TASK TO COMPLETE:
Pictures appear among the records below and must be omitted. Repeat exactly the lines from the line with "Evde Video Çekiminde" to the line with "THINGS NOT SEEN", both included.

=== RECORDS TO USE ===

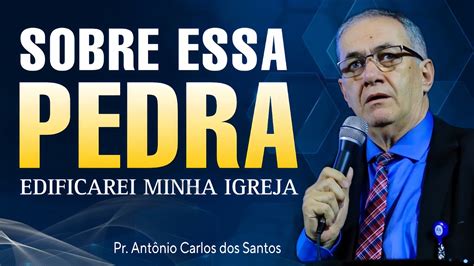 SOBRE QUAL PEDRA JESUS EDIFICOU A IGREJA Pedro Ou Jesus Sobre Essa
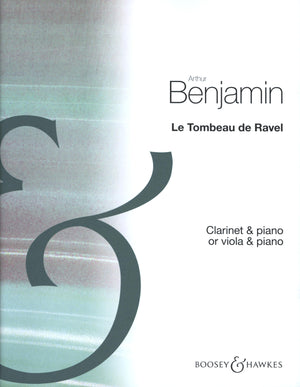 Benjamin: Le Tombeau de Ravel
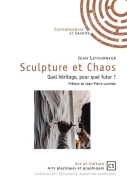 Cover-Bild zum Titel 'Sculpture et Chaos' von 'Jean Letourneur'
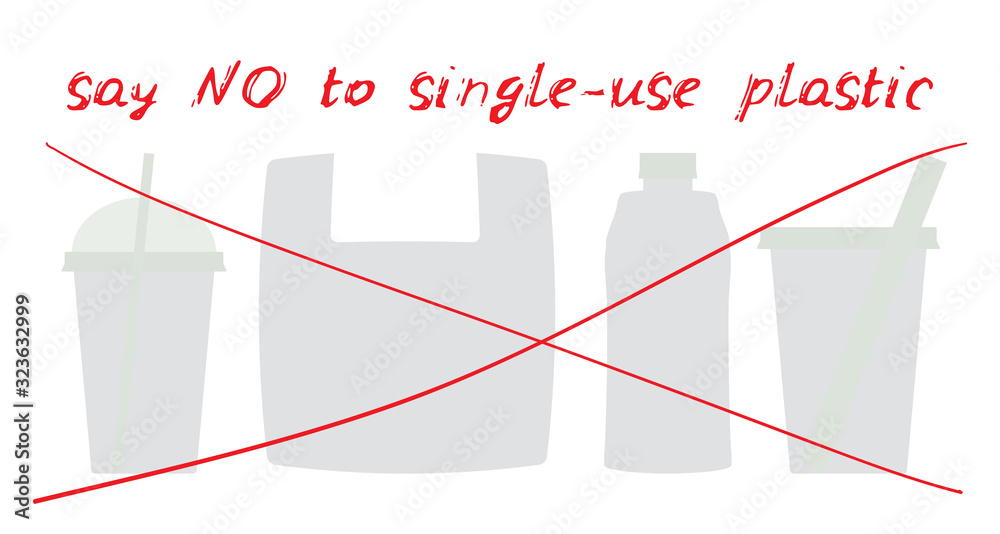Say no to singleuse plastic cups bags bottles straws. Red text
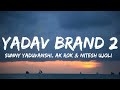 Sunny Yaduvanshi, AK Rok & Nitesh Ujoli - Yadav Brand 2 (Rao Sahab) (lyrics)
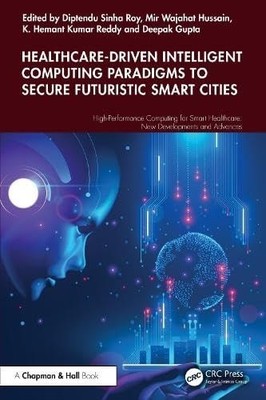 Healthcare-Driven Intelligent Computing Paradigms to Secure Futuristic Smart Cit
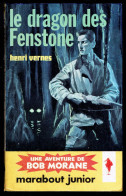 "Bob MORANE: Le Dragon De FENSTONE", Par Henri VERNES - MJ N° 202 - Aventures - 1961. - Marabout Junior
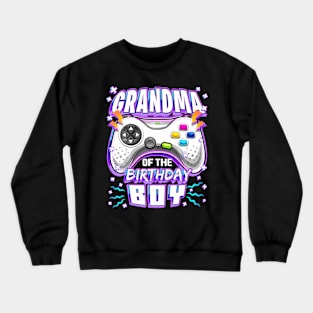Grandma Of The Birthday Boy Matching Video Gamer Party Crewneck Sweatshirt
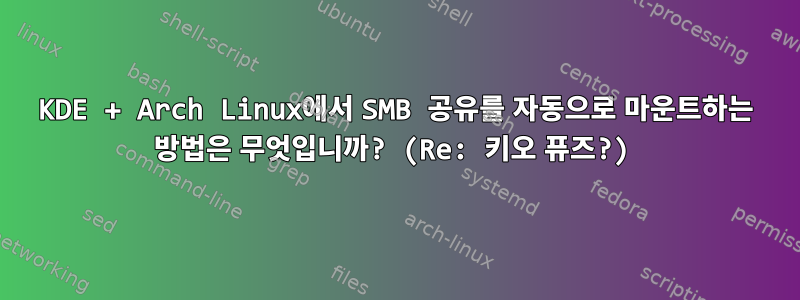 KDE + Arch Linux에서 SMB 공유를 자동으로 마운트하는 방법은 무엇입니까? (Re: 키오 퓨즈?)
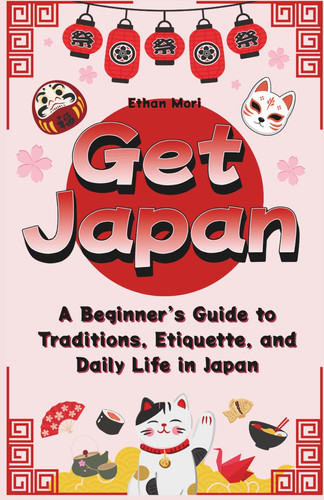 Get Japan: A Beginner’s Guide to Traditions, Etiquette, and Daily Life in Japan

===
=== RECORDS TO USE ===

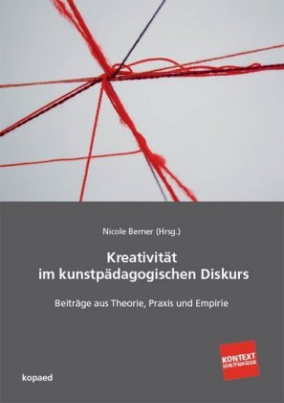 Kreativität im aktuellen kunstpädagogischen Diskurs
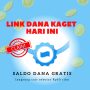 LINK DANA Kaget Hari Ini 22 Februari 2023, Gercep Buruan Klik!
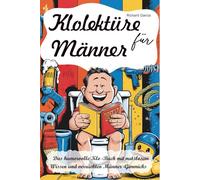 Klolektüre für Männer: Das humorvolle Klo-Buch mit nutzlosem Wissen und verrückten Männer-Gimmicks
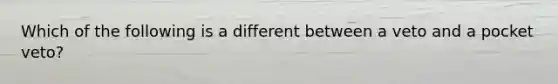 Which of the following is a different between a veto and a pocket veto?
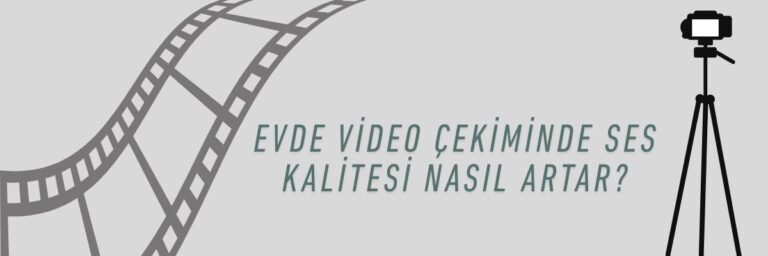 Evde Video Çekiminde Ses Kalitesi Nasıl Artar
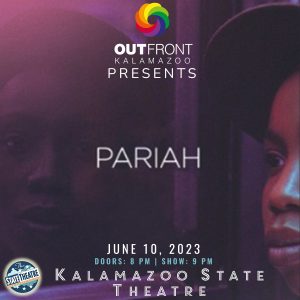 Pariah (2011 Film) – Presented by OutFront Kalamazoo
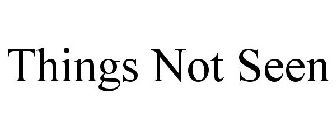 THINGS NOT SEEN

===

TASK RESPONSE:
 Evde Video Çekiminde Ses Kalitesi Nasıl Artar
 Pariah (2011 Film) – Presented by OutFront Kalamazoo
 THINGS NOT SEEN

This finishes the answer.